The tank was shipped anyway because a sensor swap-out, if one was ordered, would be easier to carry out with the tank in a vertical position, something not possible at Lockheed Martin's Michoud Assembly Facility near New Orleans.

"During the course of this investigation over the last several months, they found that there may be a problem in the manufacturing of these sensors and that problem is in the way the wires are attached to these low-level sensors," Hale said. "There is a place that the wires attach to the sensors called a swage fitting. That swage fitting in some sensors that have been removed some time back in the history of the program have been noted to be a little loose and that's caused intermittent readings, varying resistance, in the sensor, which of course is how the sensor tells you whether it's reading a dry or a wet signal.

"Last year, when we prepared to launch STS-114, we had a high degree of confidence the sensors would only fail, if they were to fail, in the wet reading condition. There is now some body of evidence that would indicate it's possible for the sensors to read erroneously dry when the tank is not, in fact, dry. A predecessor indication that something may be going on in the sensors is a shift in the resistance over time, particularly after the tank has been transported, vibrated, rattled around a little bit.

"We, in fact, have a sensor in the external tank slated for the next flight that's showing a very small shift in its resistance reading, well within any previously established specification. However, because of the new knowledge we have this year and the ongoing engineering work that's looking at how these sensors work and how they may potentially have problems, we are taking the step of removing the external tank sensors from the bottom of the liquid hydrogen tank, from the tank we're going to use for the next space shuttle flight."

The current ECO sensors were manufactured in 1996. The new sensors were built in 2002 and are believed to be immune to the loose wiring/swage fitting phenomenon. Ultimately, Hale said, the ECO sensor decision was driven by safety and the need for engineering forensics, not schedule.
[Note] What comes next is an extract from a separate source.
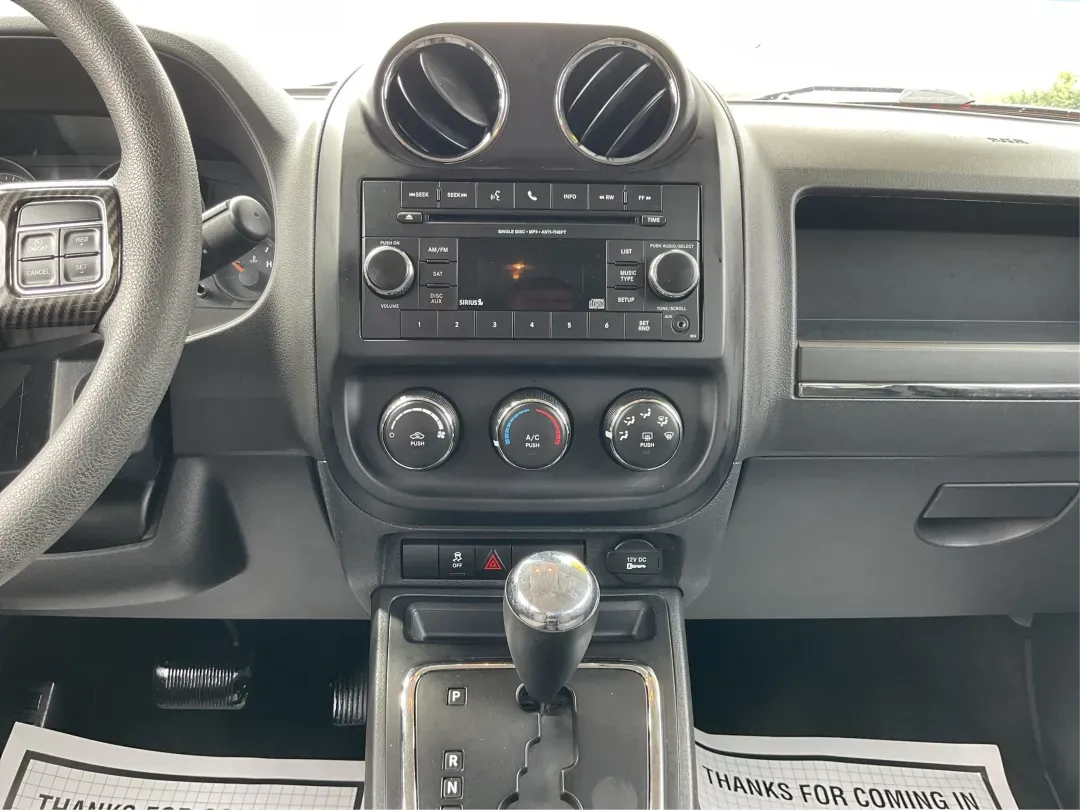 2017 Jeep Patriot Sport FWD (1C4NJPBA4HD) with an Other engine, located at 4508 South Dixie Dr, Moraine, OH, 45439, (937) 908-9800, 39.689976, -84.218452 - Are you ready to elevate your adventures with a versatile SUV that suits both your daily commute and weekend getaways? Look no further than this stunning **2017 Jeep Patriot Sport FWD**, available at **Advantage Car and Credit**, your premier **Buy Here Pay Here dealership** located at **1184 Kauffm - Photo#13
"This is what we call a criticality 1 (system), life-or-death kind of situation that you want those sensors to work properly, either way," he said. "They can prevent bad things from happening if they work properly and certainly, if they work badly they can cause bad things to happen. So we need to have a good set."
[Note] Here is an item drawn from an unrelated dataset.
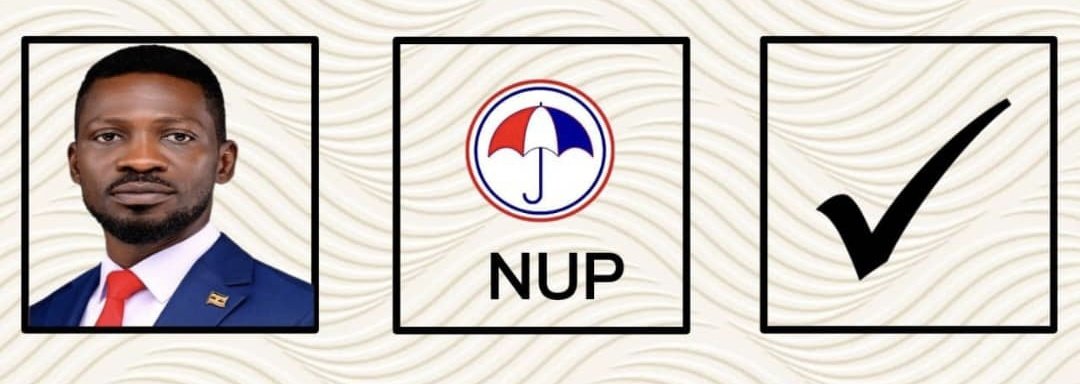 Vote. Protect. Defend. 
#FreeUgandaNow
To replace the sensors, engineers from the Michoud Assembly Facility, working in the Kennedy Space Center's Vehicle Assembly Building, will remove foam insulation from the very bottom of the tank, unbolt a large manhole cover and get inside the cavernous hydrogen section. Once the new sensors are in place, the manhole cover will be bolted back in place and, after lowering the tank to a horizontal orientation, foam insulation will be re-applied.

"We hope to take the four sensors that we take out and put them in extensive tests," Hale said. "We want to see if the one sensor that's got this slightly elevated resistance reading really has this problem that the engineering tests say it could potentially have and then, of course, we will look at the other three sensors which were manufactured about the same time in the same facility.
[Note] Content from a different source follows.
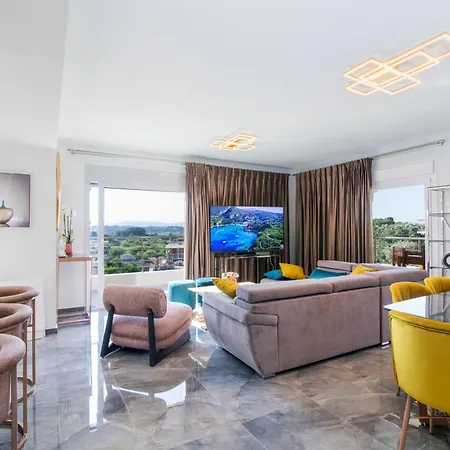 Ilianas R&f Luxury Perama (Corfu)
"We have a number of these sensors in tanks that are still slated to fly. The sensor in question was made 10 years ago, in 1996, and passed all its acceptance tests."

The additional six weeks of work "should provide us plenty of time" to wrap up ongoing analysis of foam modifications, as well as a variety of other issues, including what to do about contamination on a liquid oxygen filter screen leading to one of the ship's main engines and questions about critical seals between the engines and the main propulsion system plumbing.

"I think we'll be in good shape to look forward to a launch about the first of July," Hale said. "I remain optimistic we'll still be able to get three missions in this year, but I don't have the details on where we will fly the next two missions. Later in the fall, I'm sure."